Todavia, são funcionalmente autônomos, isto é, sem qualquer subordinação hierárquica a nenhuma instância administrativa superior. Essa autonomia funcional garante-lhes que de suas decisões deliberativas não cabe recurso administrativo hierárquico para nenhuma instância, qualquer que seja. E sim, controle judicial da legalidade dos seus atos, por provocação de quem tenha legitimidade processual para tanto.
Muitas vezes, se tem observado que juizes e promotores de justiça intervêm indevidamente nos Conselhos Tutelares, como se foram seus "superiores administrativos hierárquicos", desrespeitando a autonomia funcional dos conselhos tutelares, prevista no Estatuto. Prática estranha e perigosa essa, pois se configura numa franca usurpação de poderes, numa intervenção ilegal de um Poder  (Judiciário e Ministério Público, estaduais) sobre outro (Executivo, municipal) Não existe nenhuma linha de subordinação ou vinculação administrativa entre juizes, promotores e delegados de polícia – por exemplo – e os conselheiros tutelares.
Existe sim, o poder do Ministério Público de fazer “recomendações” ao conselho tutelar, nos termos do art. 201, § 5°, "c", do Estatuto – como a qualquer autoridade pública. O conselho tutelar, na esfera da sua autonomia, cumpre ou não a "recomendação público-ministerial". Em não cumprindo, se sujeita a ser pólo passivo de uma ação judicial, ajuizada pelo representante do Ministério Público, se couber – caindo assim na esfera do controle judicial dos atos administrativos.
De relação ao Poder Judiciário, prevê o Estatuto uma única forma de intervenção legal e legítima dele, de relação às deliberações de um conselho tutelar: processualmente, via sentença. Insurgindo-se o Ministério Público ou qualquer interessado (isto é, quem tenha legitimidade processual, como pais ou responsável legal da criança ou adolescente) de relação a uma decisão do conselho tutelar ou de um conselheiro singular, poderão eles ajuizar ações (ação civil pública, mandado de segurança etc.), perante a Vara Infância e da Juventude, para controle judicial (formal) do ato administrativo emanado do conselho tutelar.

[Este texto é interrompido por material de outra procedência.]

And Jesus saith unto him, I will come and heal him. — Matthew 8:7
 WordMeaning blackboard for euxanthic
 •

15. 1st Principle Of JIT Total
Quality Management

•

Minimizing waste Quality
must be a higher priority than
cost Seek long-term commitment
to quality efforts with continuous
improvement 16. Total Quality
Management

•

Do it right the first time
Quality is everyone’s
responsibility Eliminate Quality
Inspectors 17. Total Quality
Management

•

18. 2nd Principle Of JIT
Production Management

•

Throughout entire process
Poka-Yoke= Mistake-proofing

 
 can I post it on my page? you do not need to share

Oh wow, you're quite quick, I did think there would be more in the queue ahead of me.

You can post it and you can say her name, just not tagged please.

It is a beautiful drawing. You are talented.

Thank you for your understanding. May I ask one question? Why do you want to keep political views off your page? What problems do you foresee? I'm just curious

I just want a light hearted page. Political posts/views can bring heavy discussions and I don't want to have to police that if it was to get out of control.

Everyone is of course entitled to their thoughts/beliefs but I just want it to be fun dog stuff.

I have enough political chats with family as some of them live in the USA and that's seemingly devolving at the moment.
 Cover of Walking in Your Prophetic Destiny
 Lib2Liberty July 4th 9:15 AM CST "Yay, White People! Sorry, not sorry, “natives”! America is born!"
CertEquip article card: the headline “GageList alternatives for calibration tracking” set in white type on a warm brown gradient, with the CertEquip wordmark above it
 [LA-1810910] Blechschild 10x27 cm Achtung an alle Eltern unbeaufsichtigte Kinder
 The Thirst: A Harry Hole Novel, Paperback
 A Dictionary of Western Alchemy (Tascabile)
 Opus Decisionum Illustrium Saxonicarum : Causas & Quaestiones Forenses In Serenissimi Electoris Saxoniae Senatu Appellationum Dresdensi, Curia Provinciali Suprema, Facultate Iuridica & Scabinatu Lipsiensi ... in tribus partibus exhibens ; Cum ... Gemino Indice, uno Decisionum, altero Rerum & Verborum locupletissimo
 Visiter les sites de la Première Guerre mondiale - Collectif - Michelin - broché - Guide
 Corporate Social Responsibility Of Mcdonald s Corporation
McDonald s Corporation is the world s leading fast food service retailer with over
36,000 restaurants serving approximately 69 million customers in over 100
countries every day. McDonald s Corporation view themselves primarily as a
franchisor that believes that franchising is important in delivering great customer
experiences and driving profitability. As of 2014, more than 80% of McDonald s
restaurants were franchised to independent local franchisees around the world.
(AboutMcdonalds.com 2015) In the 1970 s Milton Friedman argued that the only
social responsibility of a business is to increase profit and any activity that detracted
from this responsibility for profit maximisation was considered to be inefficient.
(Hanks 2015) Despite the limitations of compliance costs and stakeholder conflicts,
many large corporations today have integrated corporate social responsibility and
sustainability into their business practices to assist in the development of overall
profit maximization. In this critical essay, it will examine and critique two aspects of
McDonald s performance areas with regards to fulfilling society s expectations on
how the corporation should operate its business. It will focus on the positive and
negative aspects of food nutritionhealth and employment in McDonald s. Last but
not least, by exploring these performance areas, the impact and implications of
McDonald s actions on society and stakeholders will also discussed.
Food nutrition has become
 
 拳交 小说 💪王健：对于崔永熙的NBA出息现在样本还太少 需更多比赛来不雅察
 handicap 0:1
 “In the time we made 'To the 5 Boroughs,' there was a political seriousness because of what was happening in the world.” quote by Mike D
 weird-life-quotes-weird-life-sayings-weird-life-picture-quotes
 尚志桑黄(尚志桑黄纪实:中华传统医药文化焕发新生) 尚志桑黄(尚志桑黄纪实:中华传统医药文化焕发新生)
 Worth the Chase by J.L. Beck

Os Conselhos Tutelares são órgãos colegiados e não singulares - Outra peculiaridade que integra sua natureza jurídica, faz do conselho tutelar (como obviamente diz o nome) essencialmente um colegiado. Isto é, um órgão integrado por vários agentes públicos, o que faz com que seus atos administrativos sejam atos jurídicos complexos formais, emanados de uma decisão colegiada e não de um agente singular.
Em situações especiais (situações emergenciais e urgentes ou atos protocolares de representação), sempre previstas na própria lei e no seu regimento ou decorrentes de delegação expressa do plenário colegial, esses atos podem ser praticados pela sua direção ou por qualquer dos seus membros isoladamente  e referendados posteriormente pelo colegiado.
No dia a dia, os conselheiros tutelares atendem separadamente as mais diversas situações de ameaças ou violações de direitos de crianças e adolescentes. Principalmente, quando estão em plantões ou em regime de sobre-aviso. Mas precisa ficar bastante claro o seguinte: seus atos deliberativos (aplicação de medidas, representações ao Ministério Público, encaminhamentos ao Judiciário, requisições, notificações etc. etc.)  só podem ser emanados do colegiado, originalmente ou referendados. Atos decisórios isolados de conselheiros tutelares não têm validade jurídica.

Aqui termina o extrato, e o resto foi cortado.